Friday, February 16, 2018

Five Sentence Story #7

The frigid cold had forced The Parents and The Children to stay in The Home for three days on end. The Children, as can be expected in such a situation, were stir crazy and driving The Parents absolutely bonkers. Exhausted, The Mother pleaded with The Father to come up with a fresh idea to occupy The Children. The Father pondered what could be not only thoroughly entertaining, but also educational for The Children. Suddenly The Father blurted out "follow me children" as he proceeded to fill a glass up with water and set it outside.

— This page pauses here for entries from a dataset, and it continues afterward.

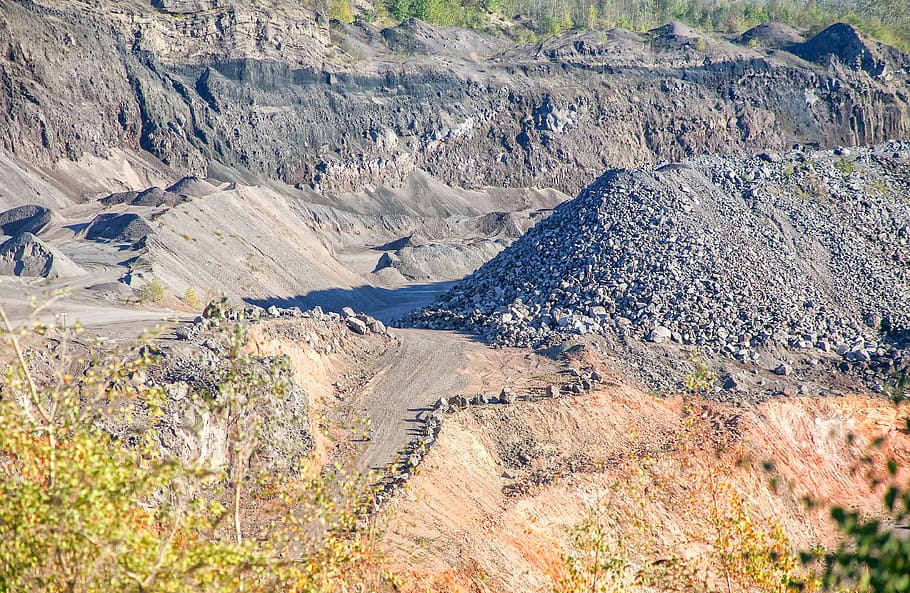 industry, lava, mining, lava removal, pumice removal, pumice, pumice stone, lava gravel, stone hill, kieswerk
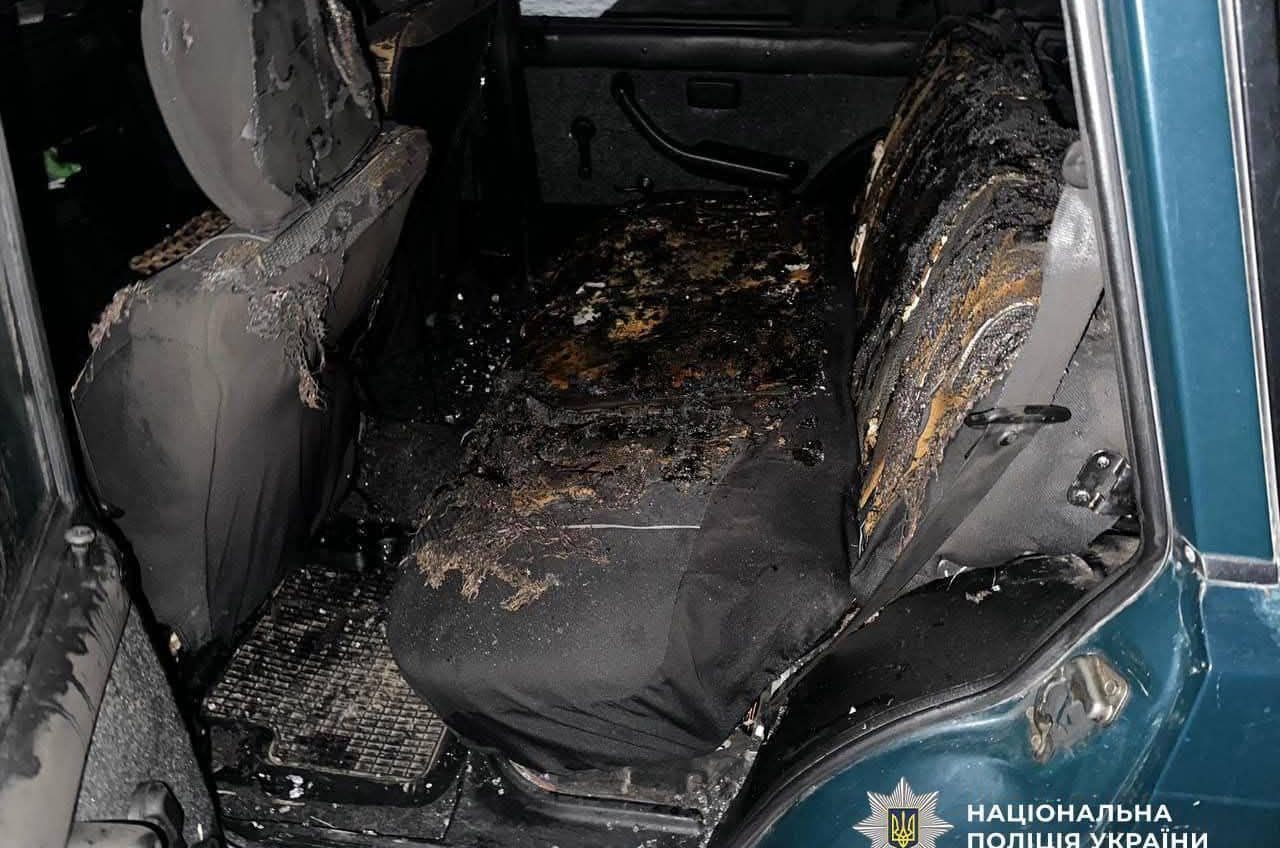Житель Одеського району підпалив авто орендаря через борги «фото»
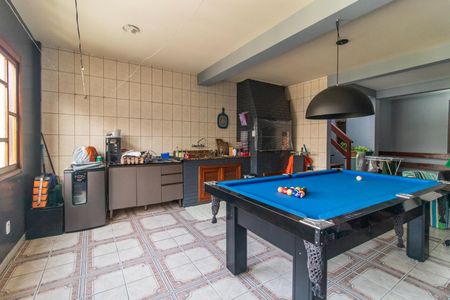 Casa à venda com 220m², 4 quartos e 2 vagas Casa à venda com 220m², 4 quartos e 2 vagasChurrasqueira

Thursday, February 15, 2018

Can't stand em (an acrostic)

Haven't you,
A thought in ya damn head,
That maybe, just maybe,
Everything doesn't need your commentary.
Remember, you're not infallible and
Save your BS for the mirror.

Graciousness, give it a try
Or stay the hell out of my DMs.

A good many of us are done,
We aren't taking it anymore.
An uprising, bro,
Your days are numbered.



Wednesday, February 14, 2018

ConLent

What am I giving up for lent, you ask (or didn't ask)? The last couple of years I have given up "sweets" (a very loose, flexible definition of the word), but it is time to try something new. Maybe I should give up cold ones (slang for beers)? LMAO (laughing my ass off). Not happening, not with our Ireland/Guinness trip on tap (literally and figuratively). Hopefully I am not giving up using parentheses because I am doing a piss poor job of that.

No, I am giving up not blogging every day. I am going to put something on this site every day of lent. There will be "count me out"s, five sentence stories, and some general lashing out at the haters. Some posts will be brief, some will be not well thought out, and some may be outright terrible, but there will be content every day of lent, unless I screw up. I am calling it "conlent" and if you think that is stupid, be prepared, it is likely going downhill from here.

Tuesday, February 6, 2018

Five Sentence Story #6

Matt's confidence had never been higher as he strolled into his local bank branch and screamed, "I need to speak to the loan officer!" A teller directed Matt to Mr. Londergan's office and then complimented his hair. Matt burst into Mr. Londergan's office and declared "second mortgage, A, S, A, P." Unfazed, Mr. Londergan quickly replied, "well I can certainly help you there, nice hair by the way, are we thinking a swimming pool, maybe finish the basement?" Matt laughed maniacally and pointed at his head, "not a chance bro, I'm going blow out, daily, Drybar®, until all the equity is gone!"